=== Supplied data ===
_ _ _ _ _

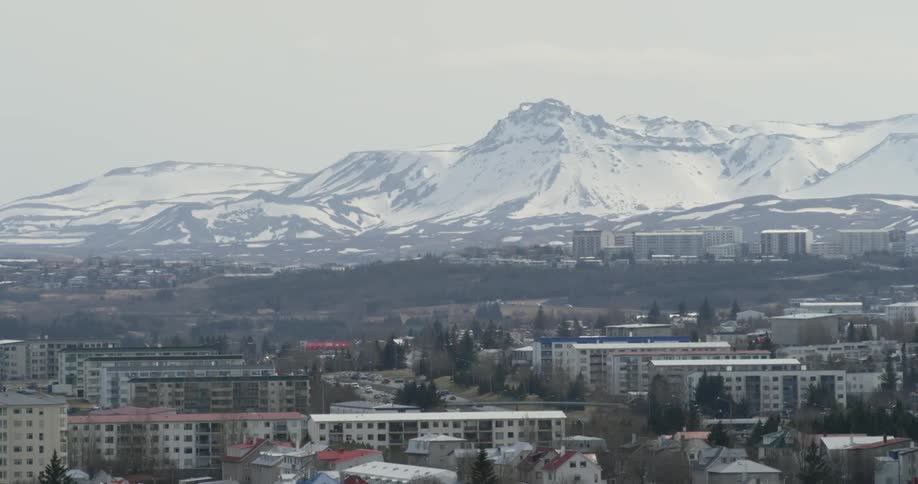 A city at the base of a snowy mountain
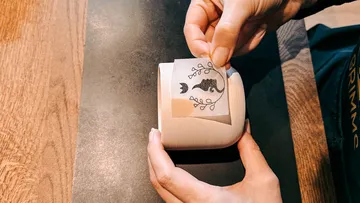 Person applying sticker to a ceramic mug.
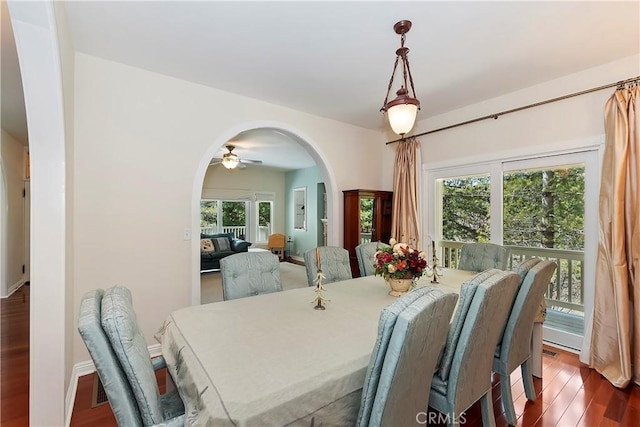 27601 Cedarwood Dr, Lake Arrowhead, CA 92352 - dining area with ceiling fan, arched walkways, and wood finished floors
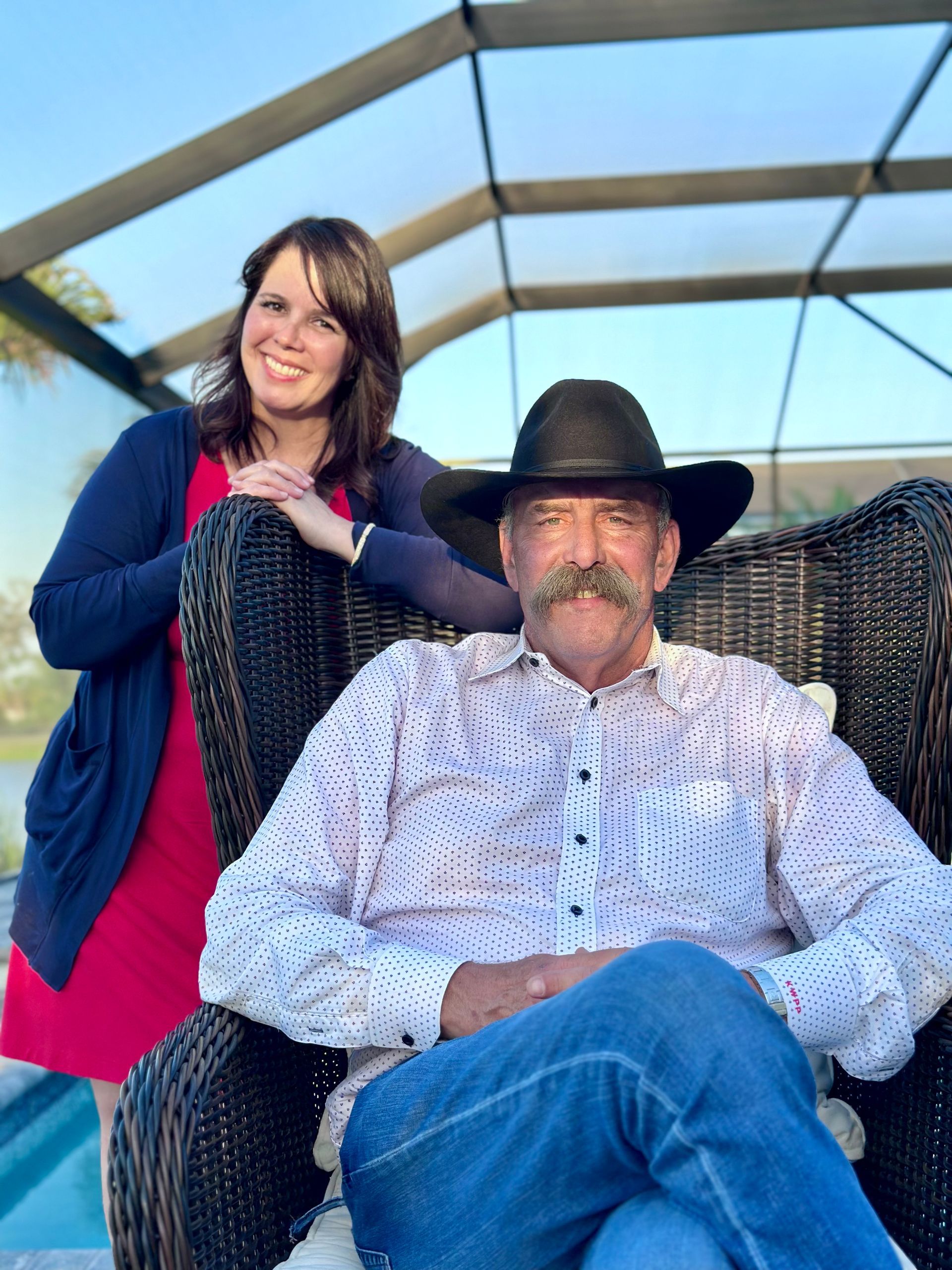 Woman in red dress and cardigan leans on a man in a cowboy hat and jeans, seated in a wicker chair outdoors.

_ _ _ _ _

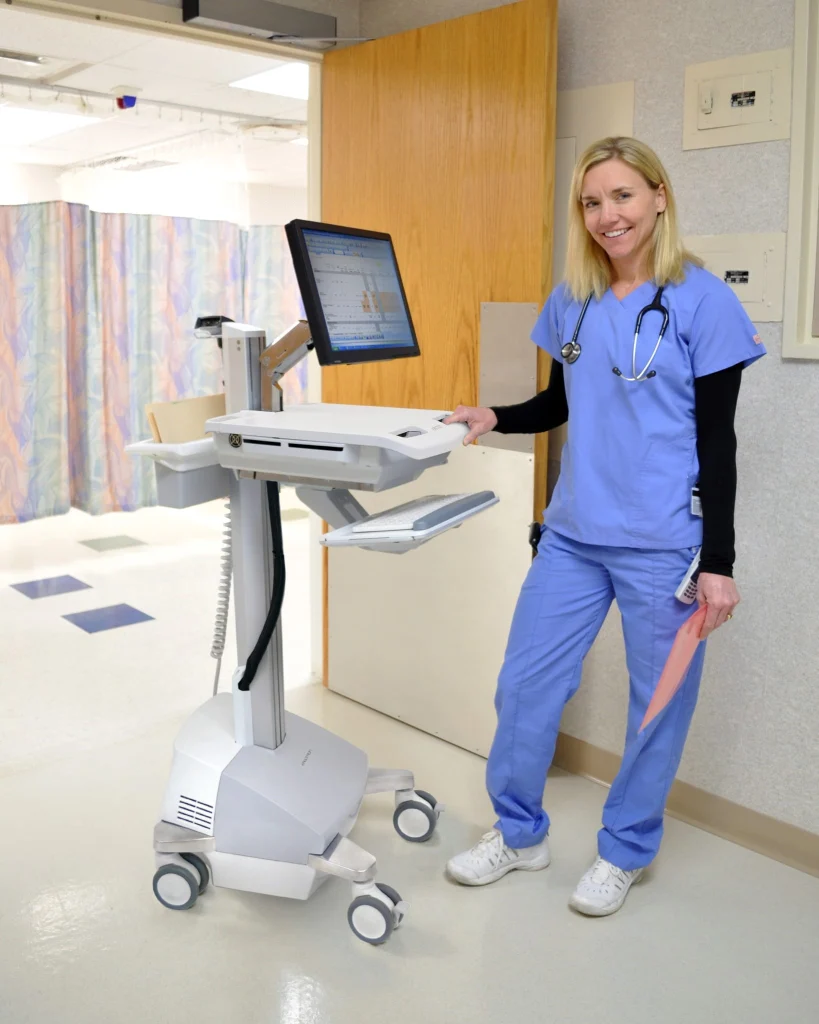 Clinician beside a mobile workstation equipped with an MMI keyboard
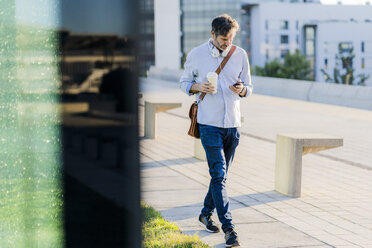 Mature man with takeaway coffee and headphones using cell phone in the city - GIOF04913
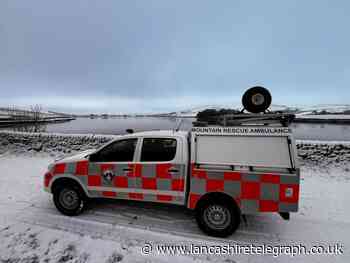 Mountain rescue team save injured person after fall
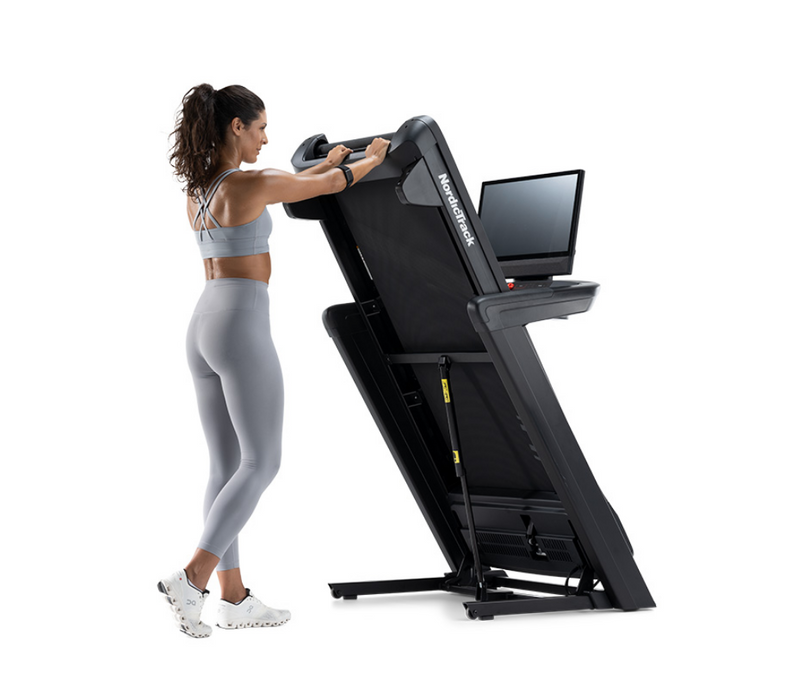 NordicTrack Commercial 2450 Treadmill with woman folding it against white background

_ _ _ _ _

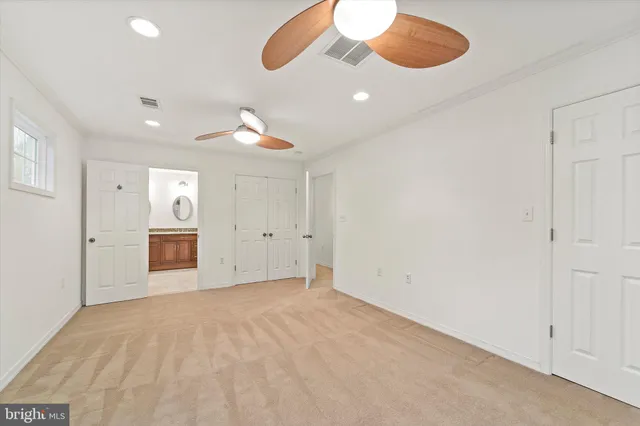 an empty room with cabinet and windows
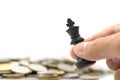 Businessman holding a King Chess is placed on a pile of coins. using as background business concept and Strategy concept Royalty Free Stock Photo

_ _ _ _ _

=== To do ===
Lines from the one above containing "27601 Cedarwood Dr, Lake" down to the one containing "Woman in red" should be transcribed exactly, with both ends kept and no pictures.

=== Written solution ===
 27601 Cedarwood Dr, Lake Arrowhead, CA 92352 - dining area with ceiling fan, arched walkways, and wood finished floors
 Woman in red dress and cardigan leans on a man in a cowboy hat and jeans, seated in a wicker chair outdoors.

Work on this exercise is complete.